I'm attending I/O school online and for me the advantages significantly outweigh the disadvantages. I "know" or "talk to" my class mates online more than I did my classmates in my previous Masters that I got in a brick and mortar school. When you are sitting listening to a lecture and taking notes 95% of the time, you just don't interact with classmates as much as you do in online discussions. However, the one big disadvantage that sucks about online communications to me is the asynchronous nature of it. Some days I’m busy and miss so much of the conversation and feel left behind. Some days I have time and pose questions and respond and hear crickets. In real life, you talk when you have someone near you that is available to converse. This online world doesn’t encompass that element appropriately I think. Instant messenger functions are better for that.
Carrie Zapka

Jeromy,

I love the StackExchange idea - it's gamification at it's best. My husband in a programmer and has been participating in Stack Overflow since 2008. I'm glad to see it's also worked in the Psychology world.

iopsych.se

How about it???

8-)

--Jen

I think StackExchange ( http://stackexchange.com/about ) has the best "discussion board" infrastructure at present. However, StackExchange is a question and answer site. In most cases, I think the Q&A format is more useful than long threaded discussions.

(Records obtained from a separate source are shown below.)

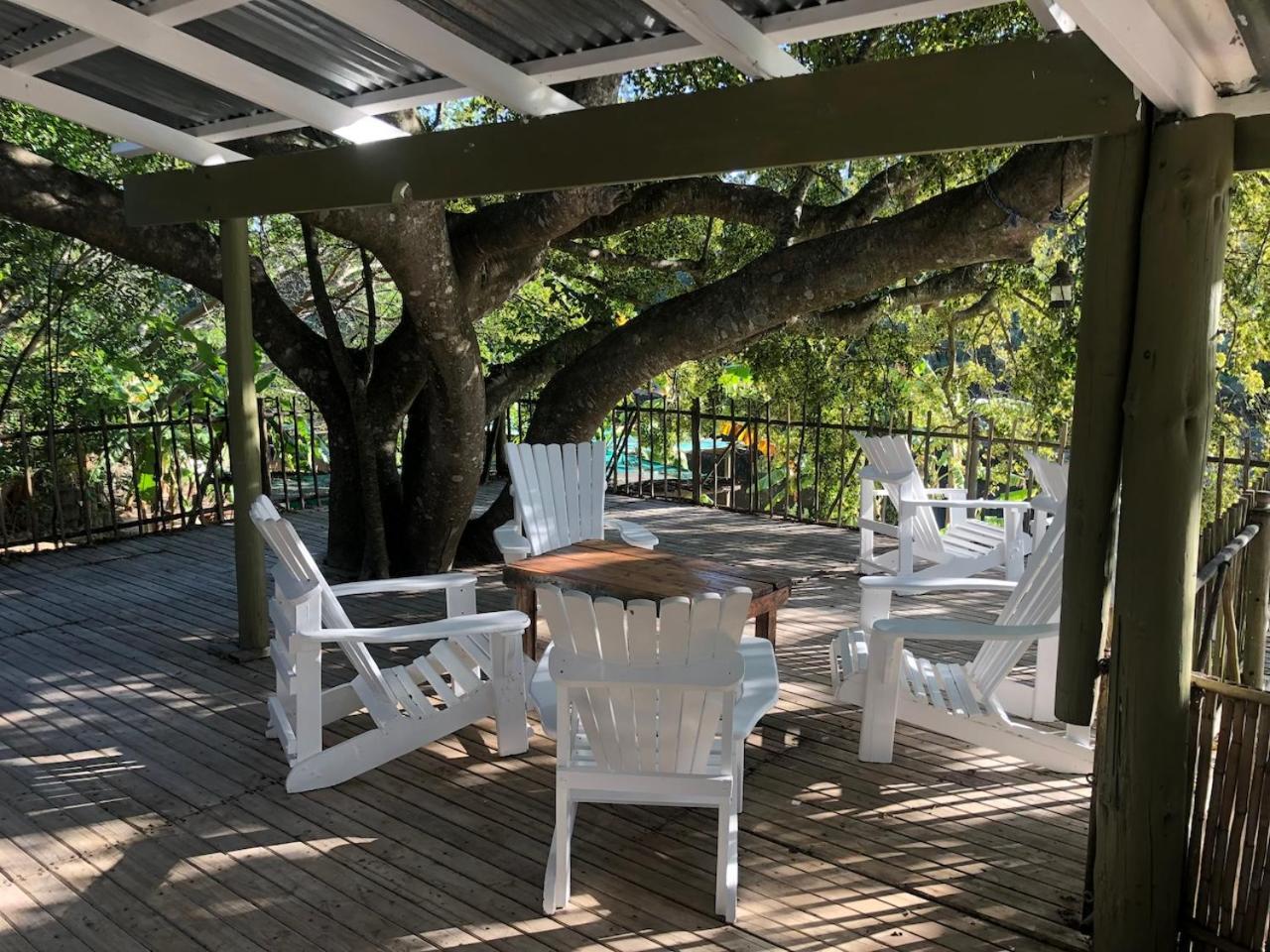 The Riverdeck Accommodation And Backpackers Knysna Esterno foto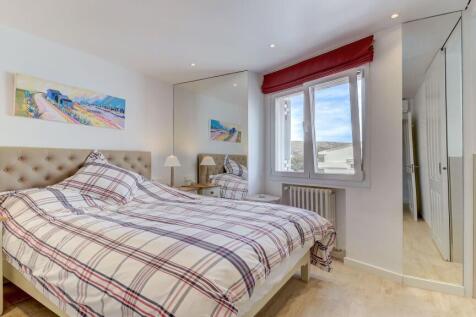 Bedroom 1 with en su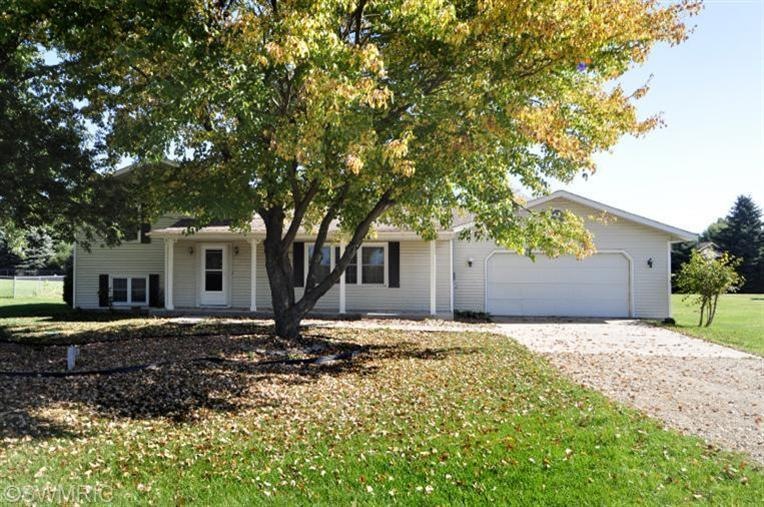 8865 Angling Rd, Portage, MI 49024 - photo 1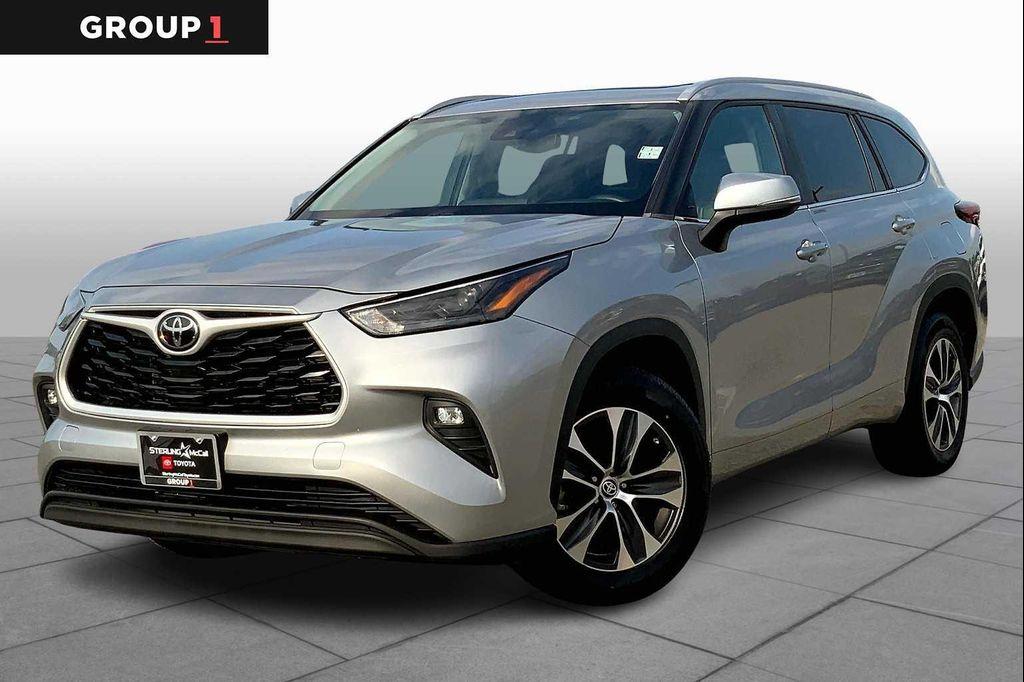used 2023 Toyota Highlander car, priced at $36,914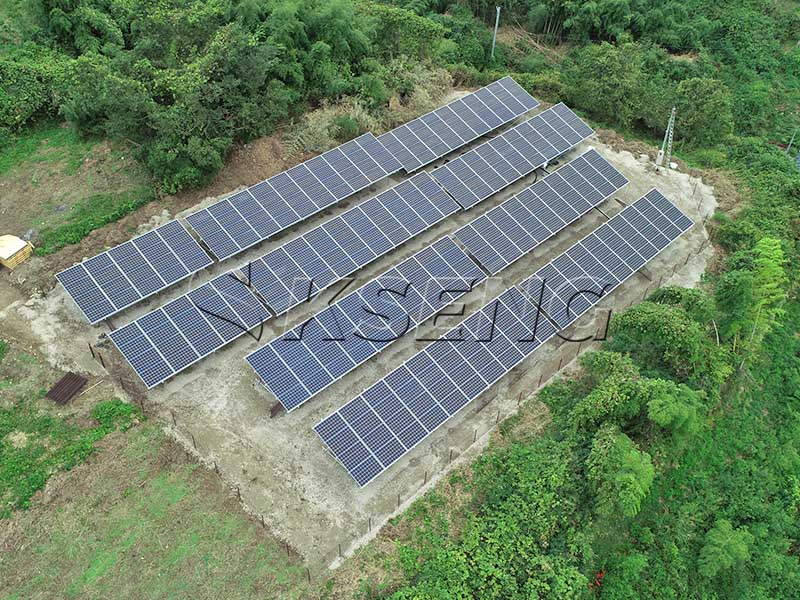 Disposizione del pannello solare montato a terra per la massima generazione di energia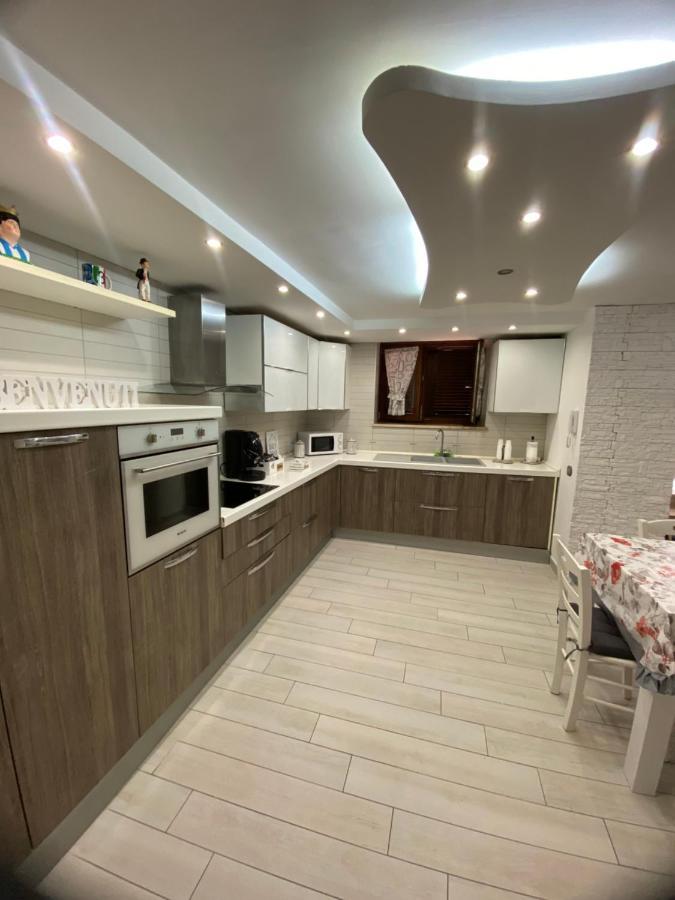 Daly Home Intero Appartamento Mugnano di Napoli Luaran gambar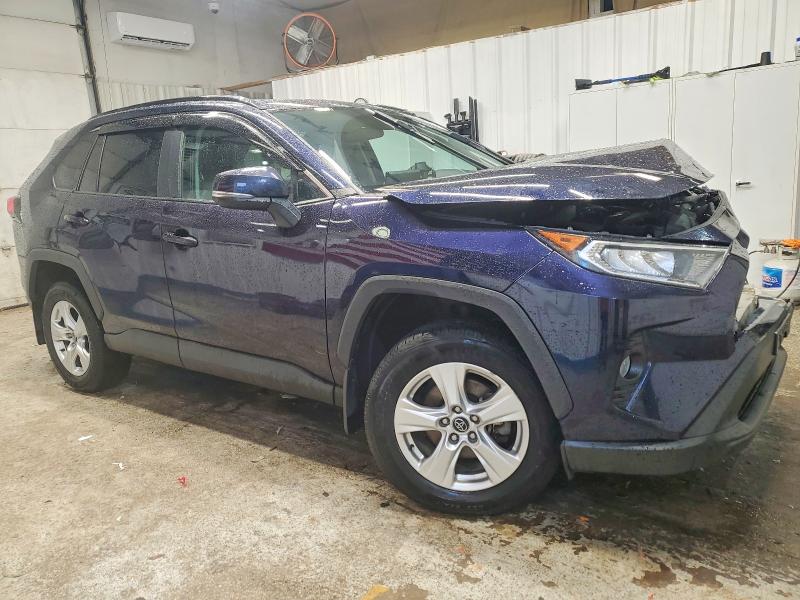 Photo 4 from auction – 2020 TOYOTA RAV4 XLE with VIN 2T3P1RFV8LW095538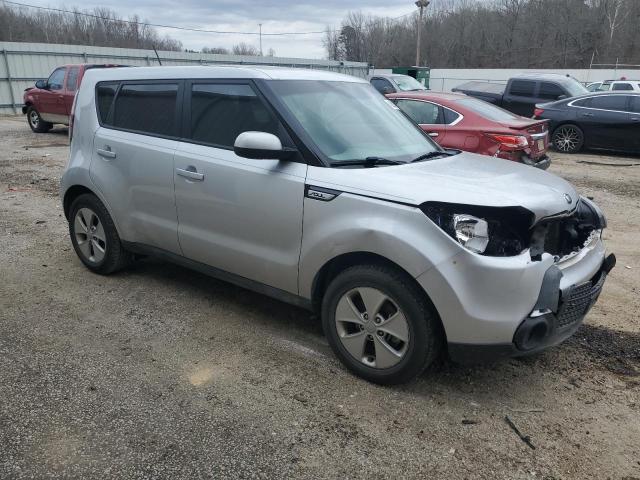 KNDJN2A25G7874427 - 2016 KIA SOUL SILVER photo 4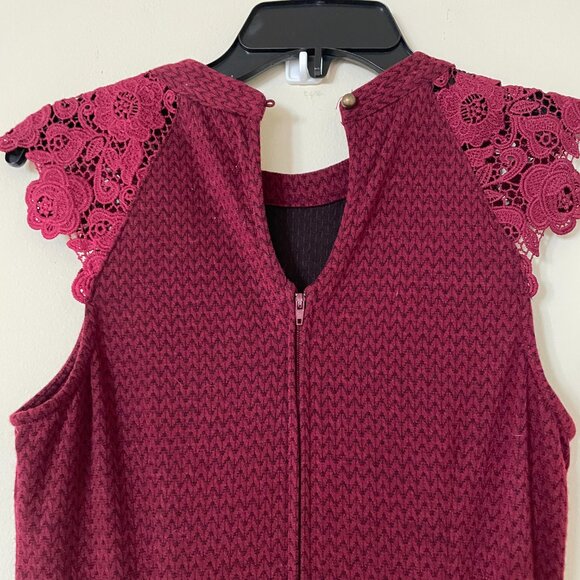 Wine color sleeveless dress - Picture 6 of 9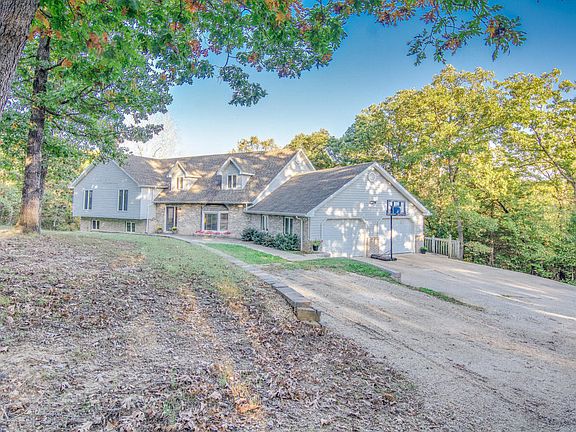 2nd image of 3623 Randall Dr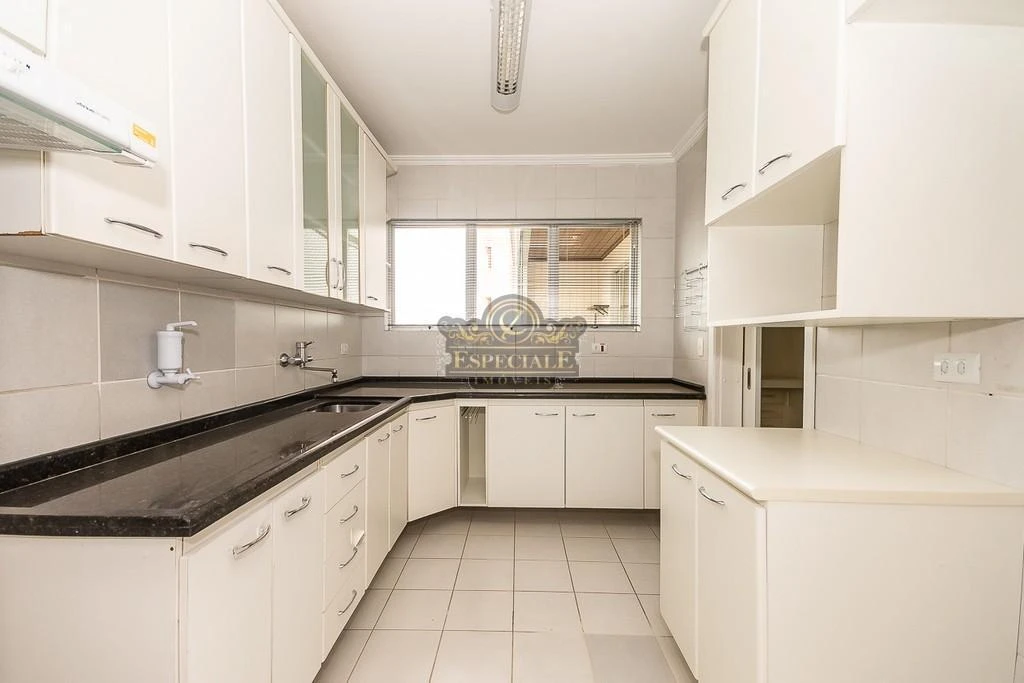 167 m² apartment with a grill on the balcony and a bathtub — photo 2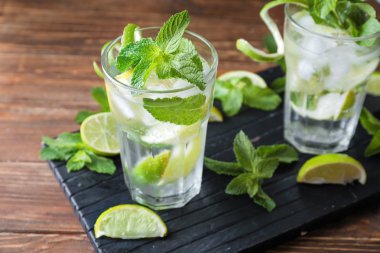 Ahşap masa üzerinde bardaklarda taze mojito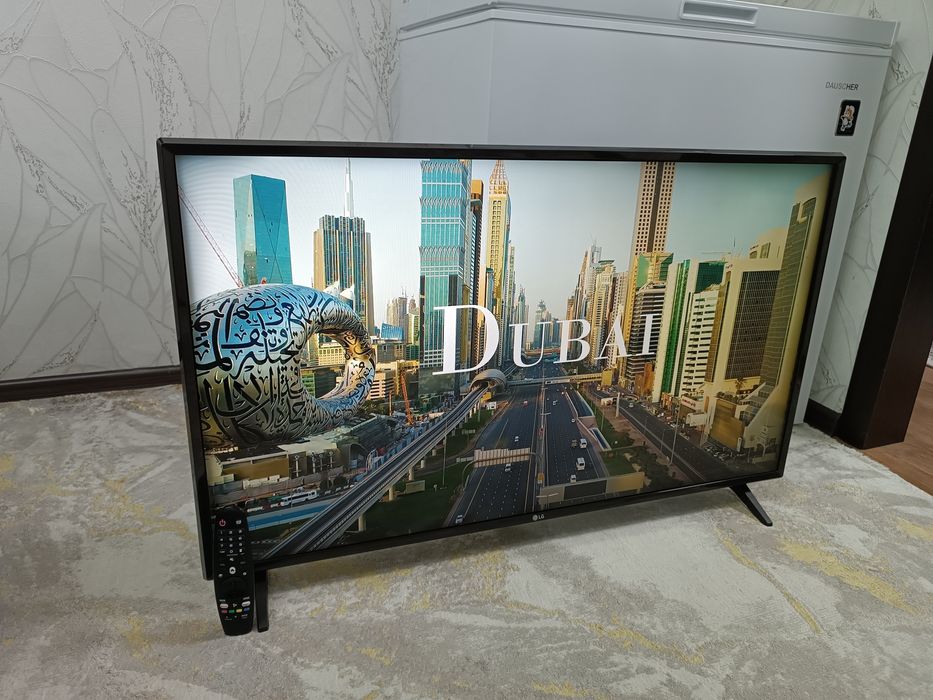 Телевизор LG Smart TV + Пульт.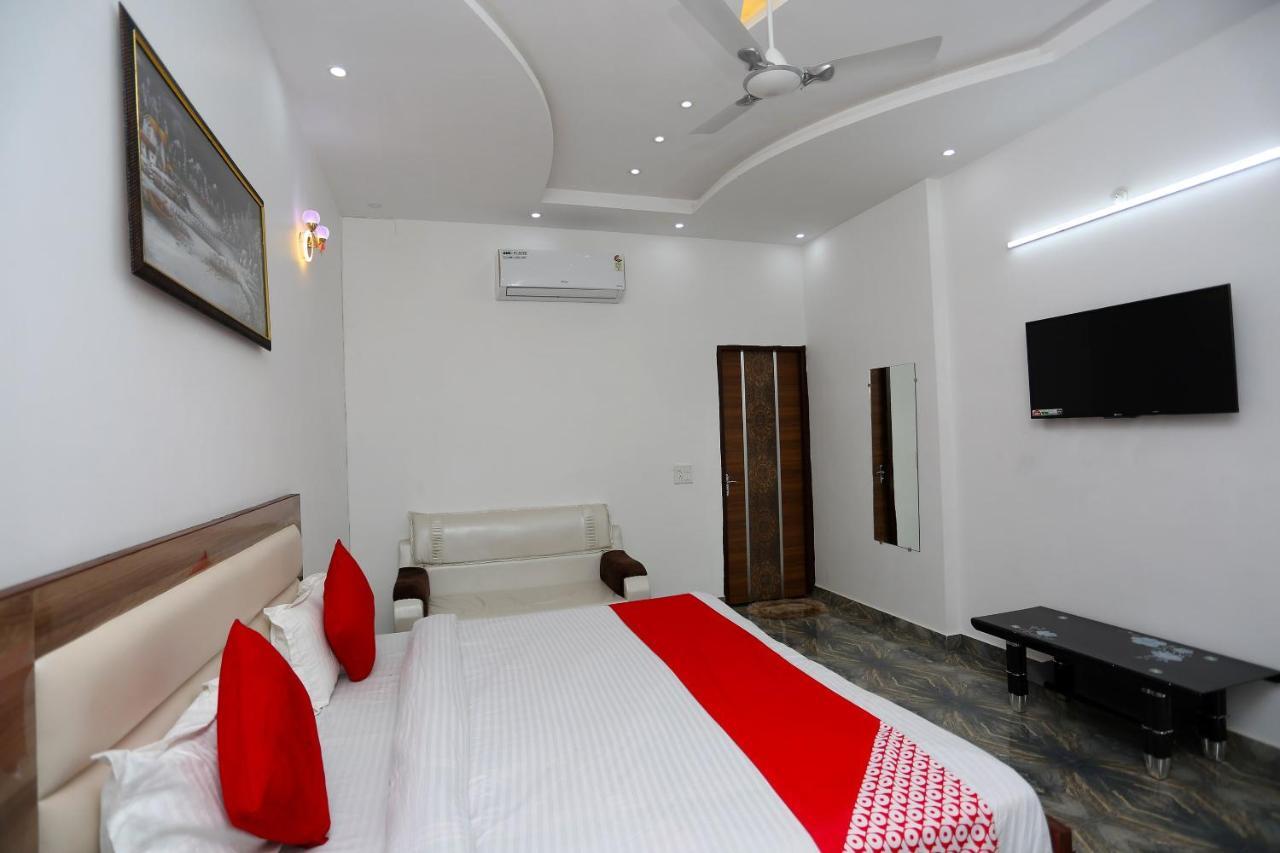 Hotel Rest Palace Agra  Εξωτερικό φωτογραφία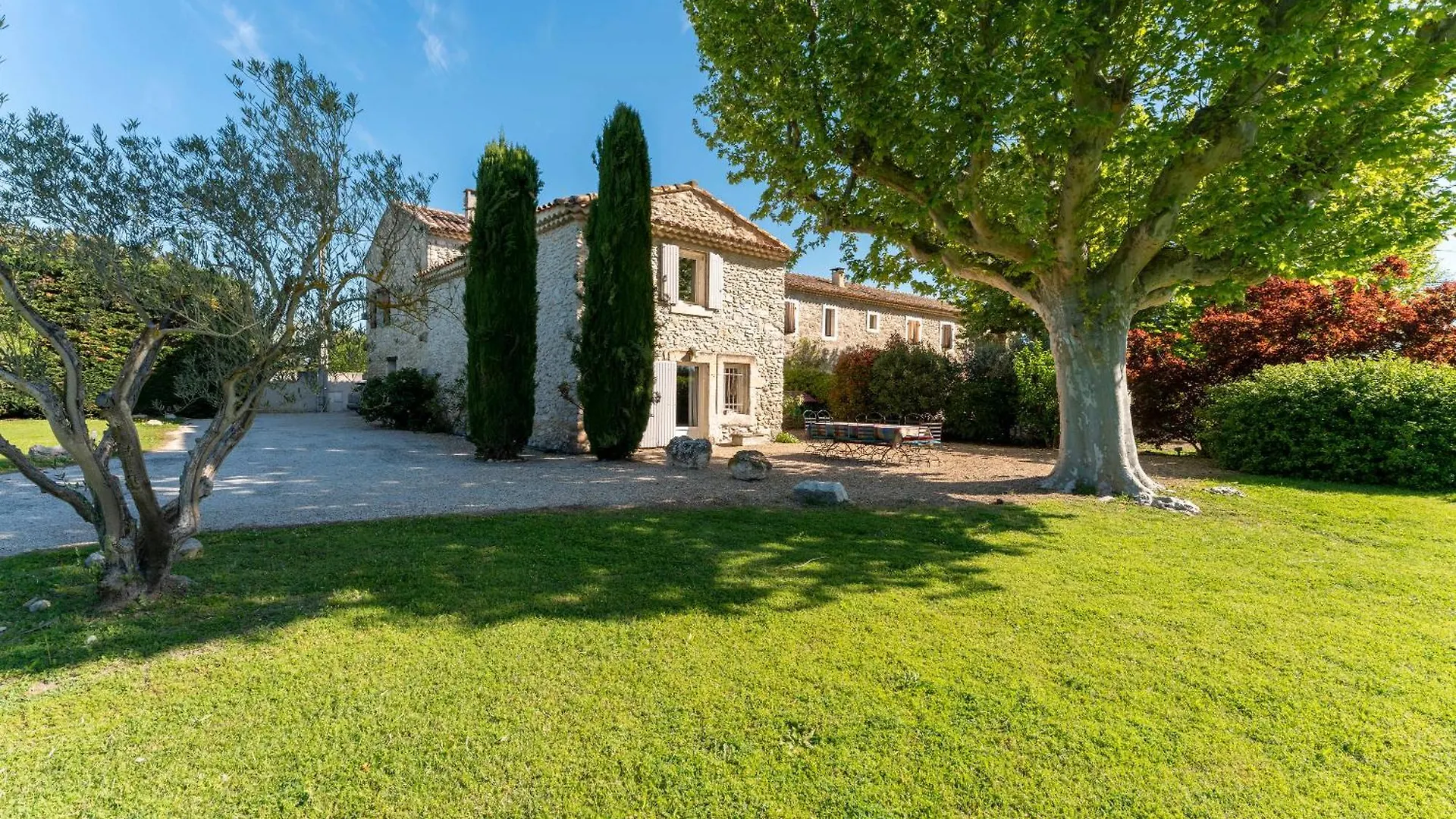 Mas De Charme Caumont Sur Durance Villa Holiday home Caumont-sur-Durance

Good features of the StackExchange model include:
Markdown formatting, ability to edit other questions and answers, sorting answers by votes, efficient tagging system, a reputation system that progressively grants editing and moderation privileges, etc.
I talk a little more about it here ( http://jeromyanglim.blogspot.com.au/2012/02/new-psychology-and-cognitive-science.html ).

In terms of more pure discussion technologies, Coursera seem reasonable. At least they have voting and markdown formatting.